▶ _Data segment_
※

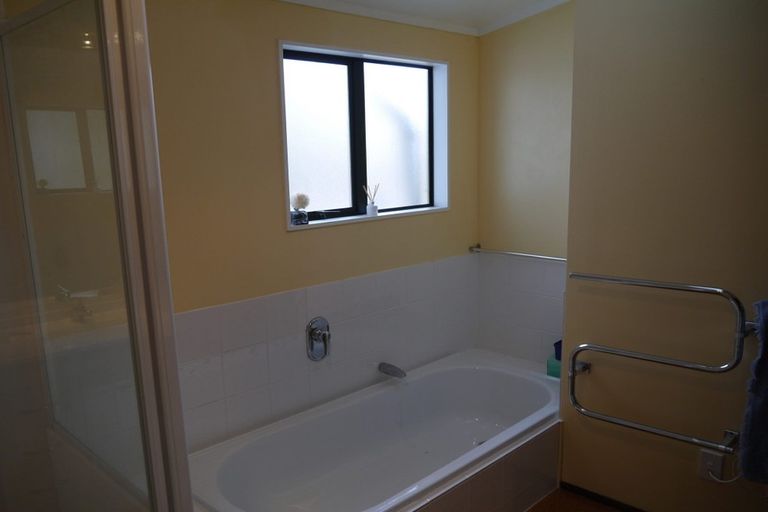 Photo of property in 104 Becroft Drive, Forrest Hill, Auckland, 0620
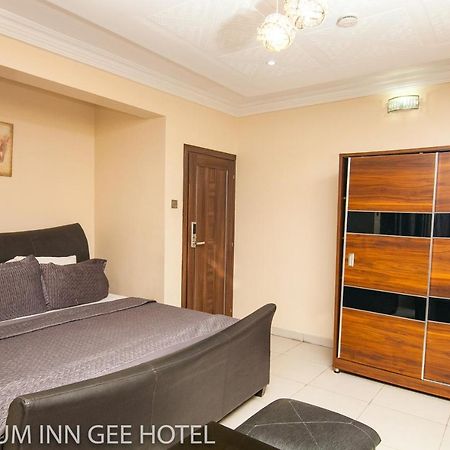 Platinum Inn Gee Hotel Suru Lere Екстер'єр фото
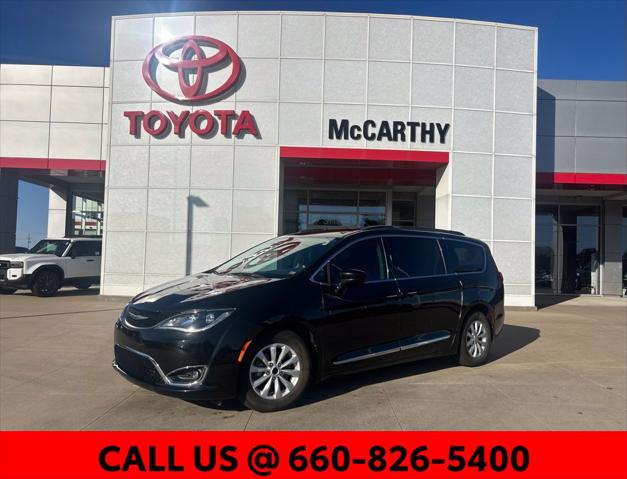 2017 Chrysler Pacifica Touring-L for sale in Sedalia, MO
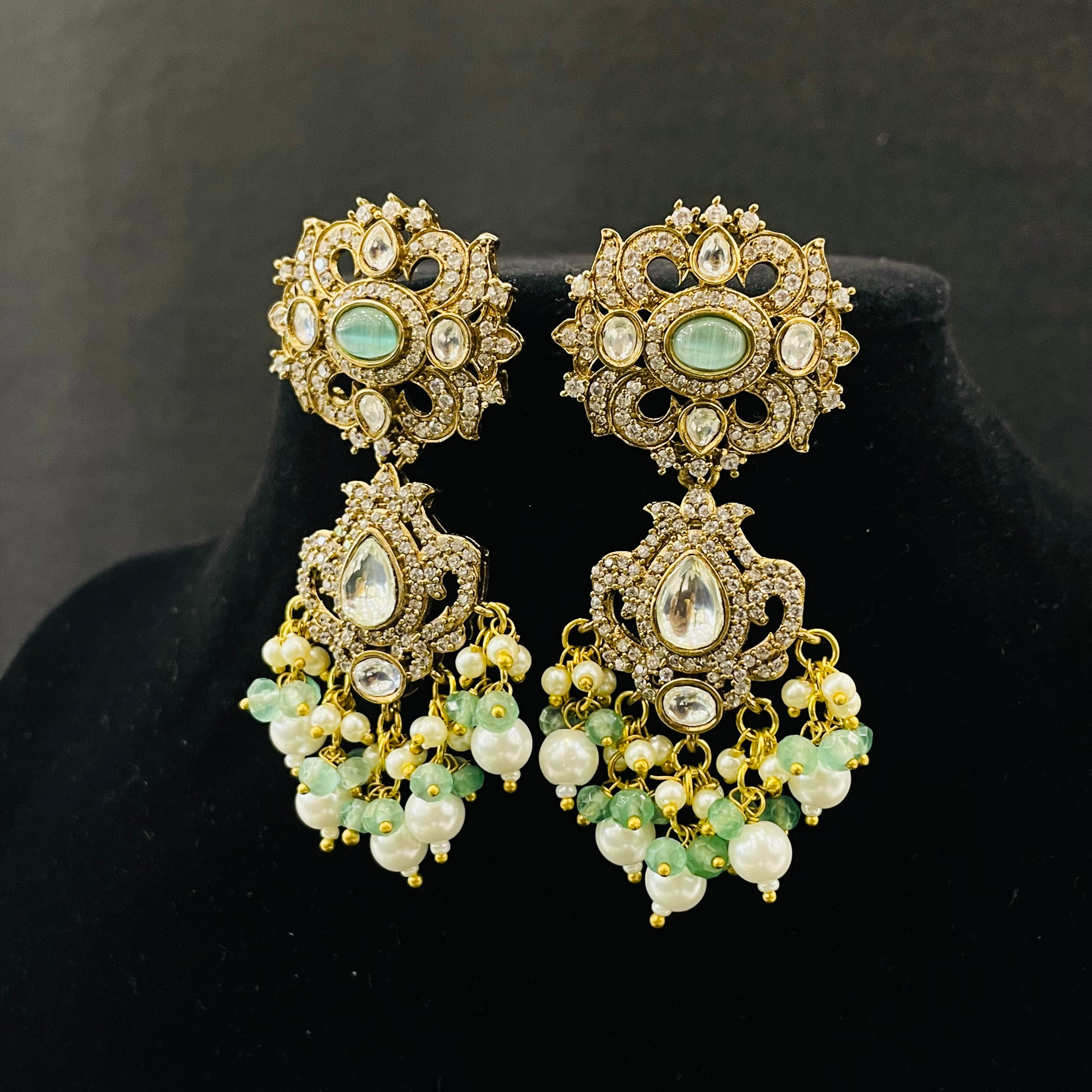 Nayaab Hira Neckpiece-mint green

※

▶ _What is expected_
What you produce should repeat the data word for word while omitting all images.

▶ _Your solution_
 Photo of property in 104 Becroft Drive, Forrest Hill, Auckland, 0620
 Platinum Inn Gee Hotel Suru Lere Екстер'єр фото
 2017 Chrysler Pacifica Touring-L for sale in Sedalia, MO
 Nayaab Hira Neckpiece-mint green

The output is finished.